Collected data entries
>>>>

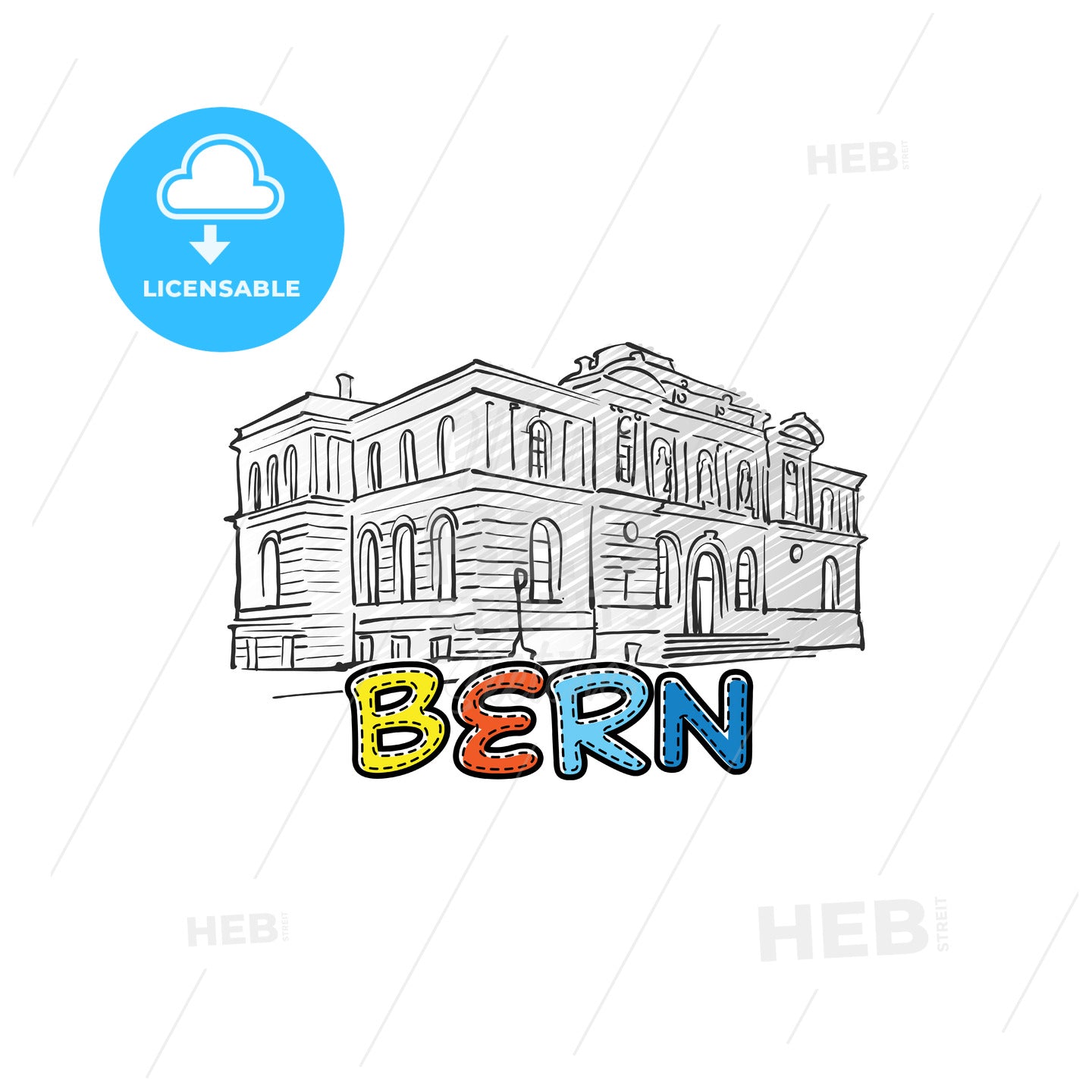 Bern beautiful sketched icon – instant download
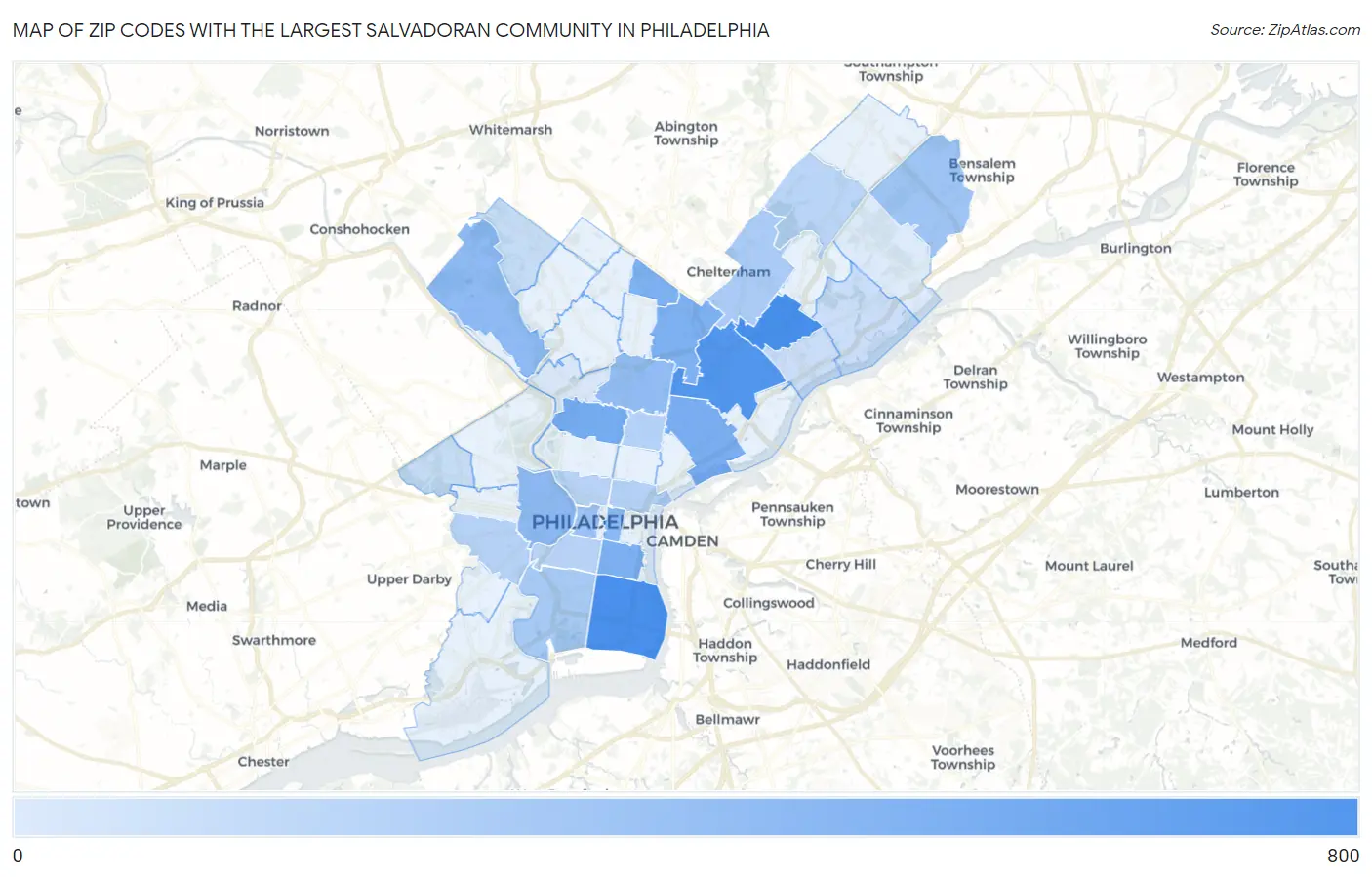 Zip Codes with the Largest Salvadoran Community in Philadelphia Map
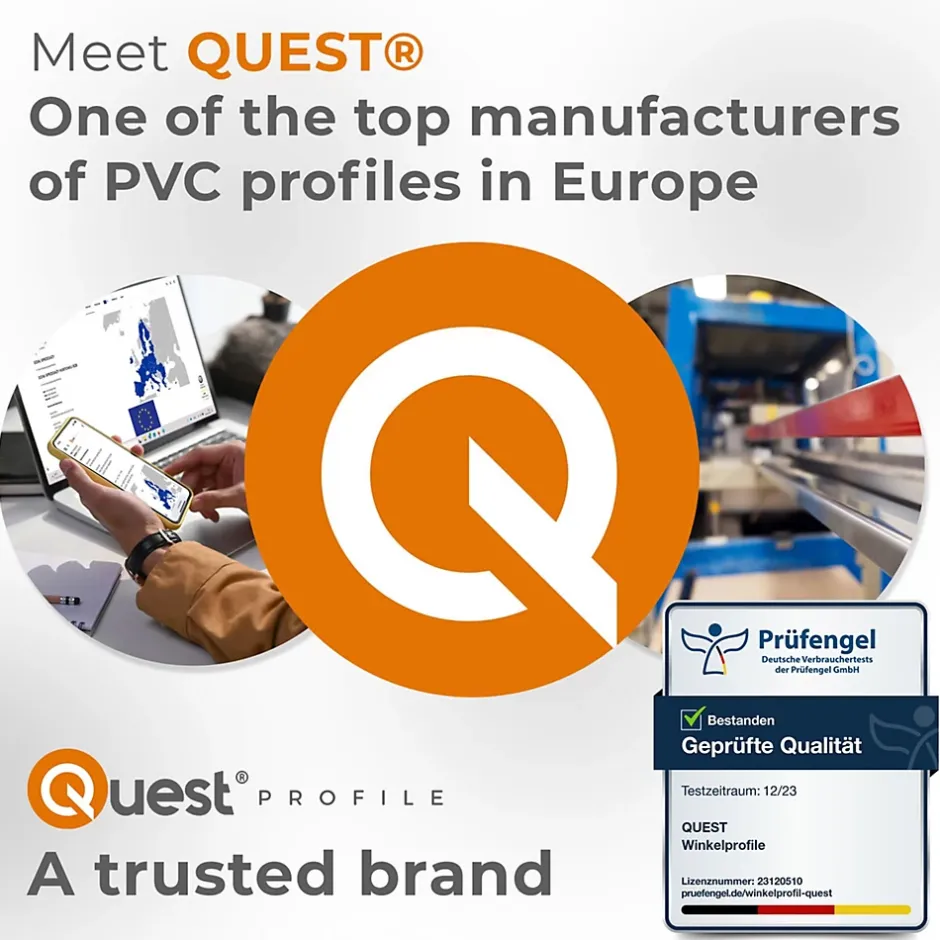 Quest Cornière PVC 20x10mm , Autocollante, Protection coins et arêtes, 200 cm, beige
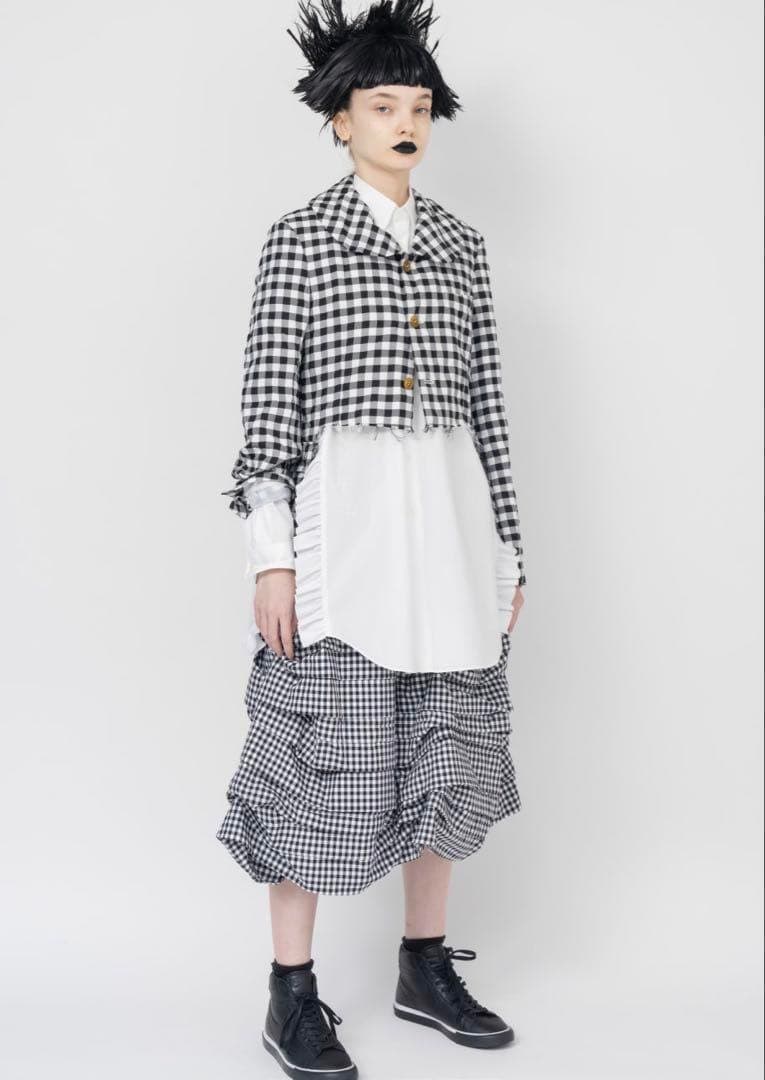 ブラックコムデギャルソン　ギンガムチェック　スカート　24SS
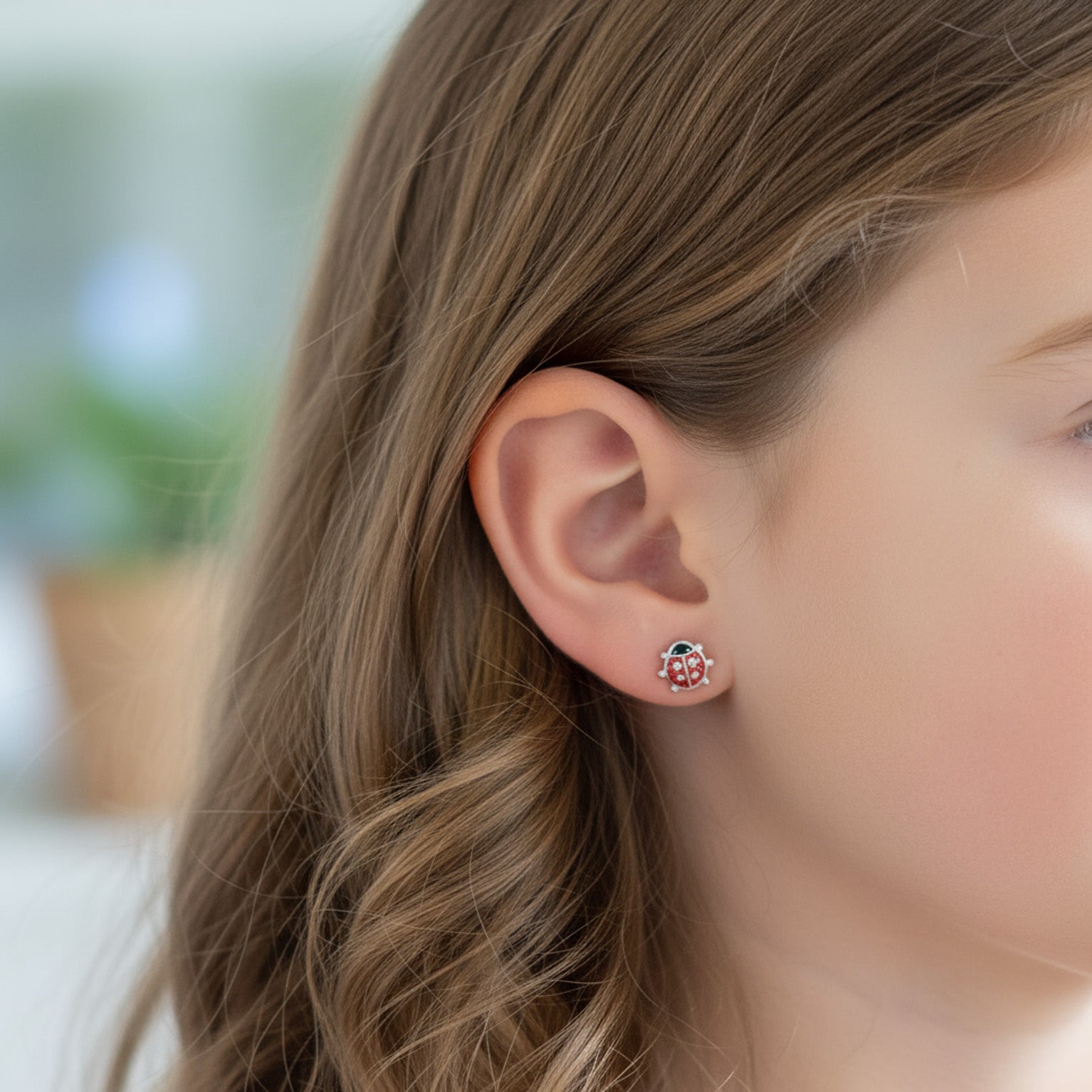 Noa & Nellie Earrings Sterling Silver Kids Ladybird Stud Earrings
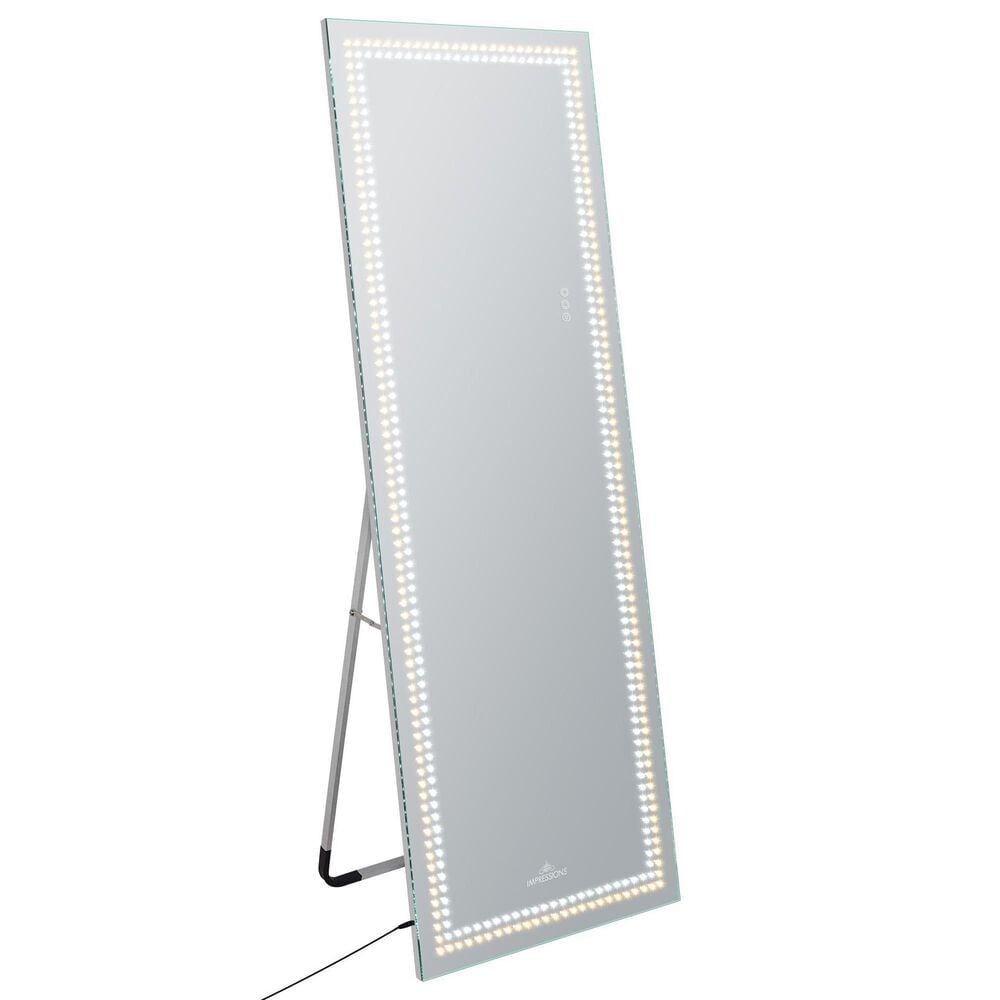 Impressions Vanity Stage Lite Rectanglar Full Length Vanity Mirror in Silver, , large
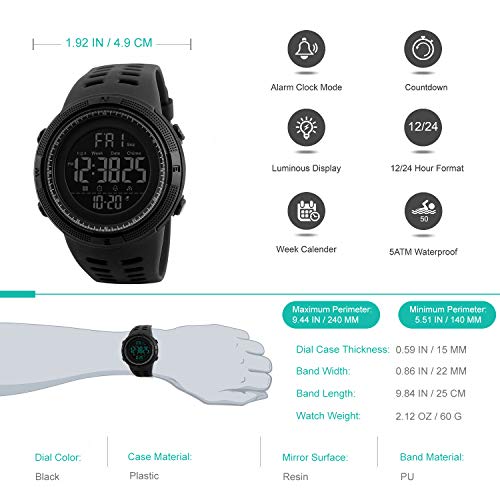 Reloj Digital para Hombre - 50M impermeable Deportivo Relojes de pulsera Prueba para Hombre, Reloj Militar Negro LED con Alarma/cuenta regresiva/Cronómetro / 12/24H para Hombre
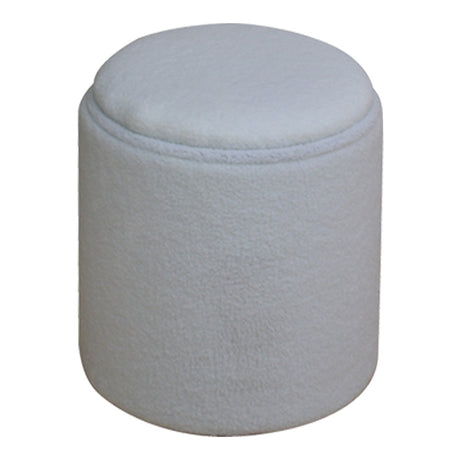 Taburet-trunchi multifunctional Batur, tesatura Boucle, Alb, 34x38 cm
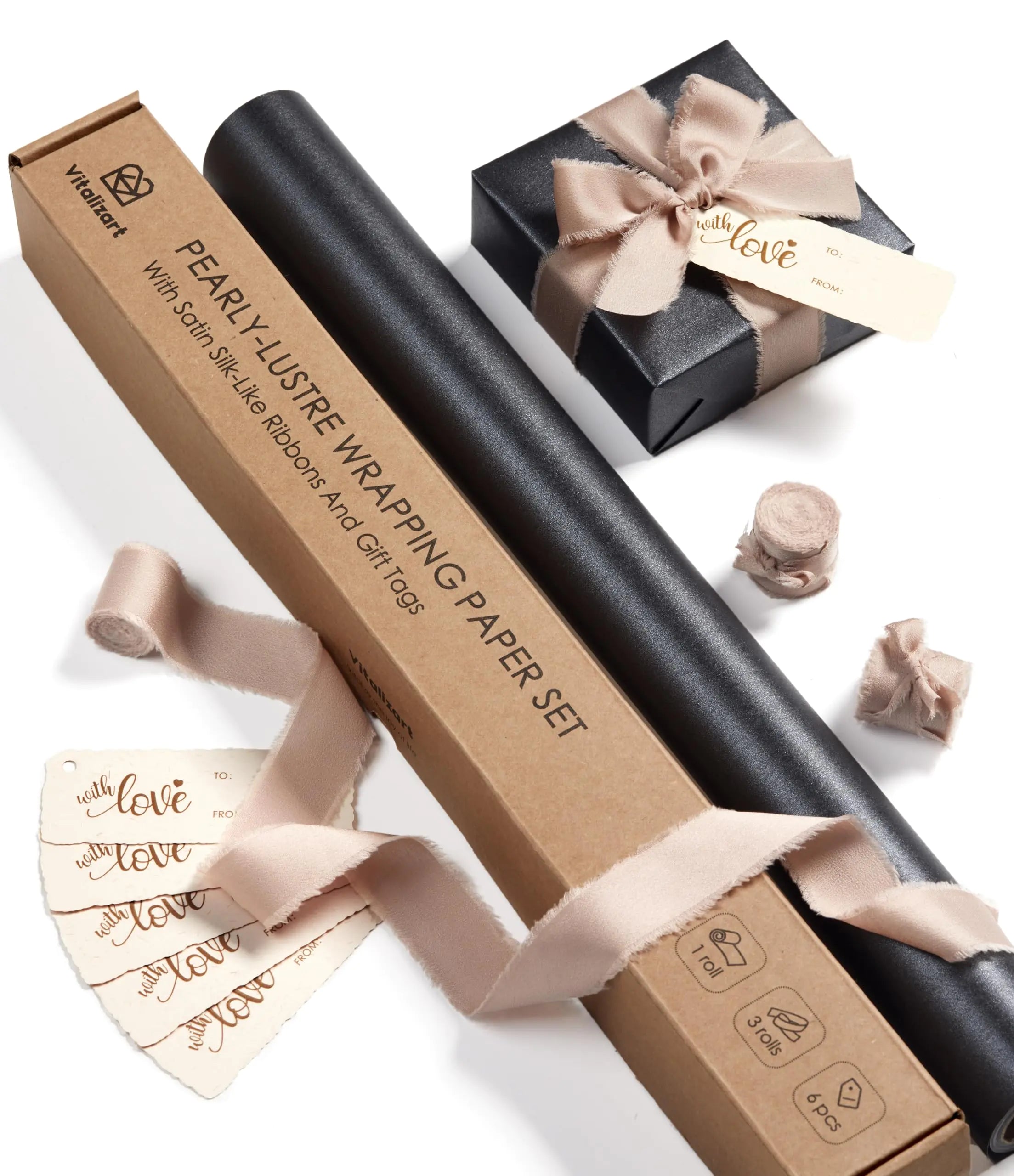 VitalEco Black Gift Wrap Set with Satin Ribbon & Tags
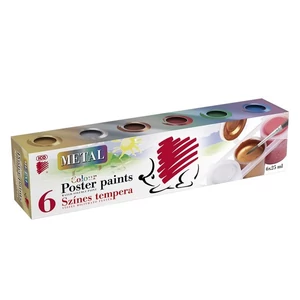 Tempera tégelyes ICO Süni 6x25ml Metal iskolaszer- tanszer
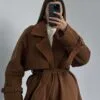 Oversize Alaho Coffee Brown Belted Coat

<<<<

* Problem description
Would you please print out all the records above exactly, minus any pictures?

* Reply
 Bern beautiful sketched icon – instant download
 Zip Codes with the Largest Salvadoran Community in Philadelphia Map
 Quest Cornière PVC 20x10mm , Autocollante, Protection coins et arêtes, 200 cm, beige
 ブラックコムデギャルソン　ギンガムチェック　スカート　24SS
 Noa & Nellie Earrings Sterling Silver Kids Ladybird Stud Earrings
 Impressions Vanity Stage Lite Rectanglar Full Length Vanity Mirror in Silver, , large
 Reloj Digital para Hombre - 50M impermeable Deportivo Relojes de pulsera Prueba para Hombre, Reloj Militar Negro LED con Alarma/cuenta regresiva/Cronómetro / 12/24H para Hombre
 Taburet-trunchi multifunctional Batur, tesatura Boucle, Alb, 34x38 cm
 VitalEco Black Gift Wrap Set with Satin Ribbon & Tags
 Tempera tégelyes ICO Süni 6x25ml Metal iskolaszer- tanszer
 Oversize Alaho Coffee Brown Belted Coat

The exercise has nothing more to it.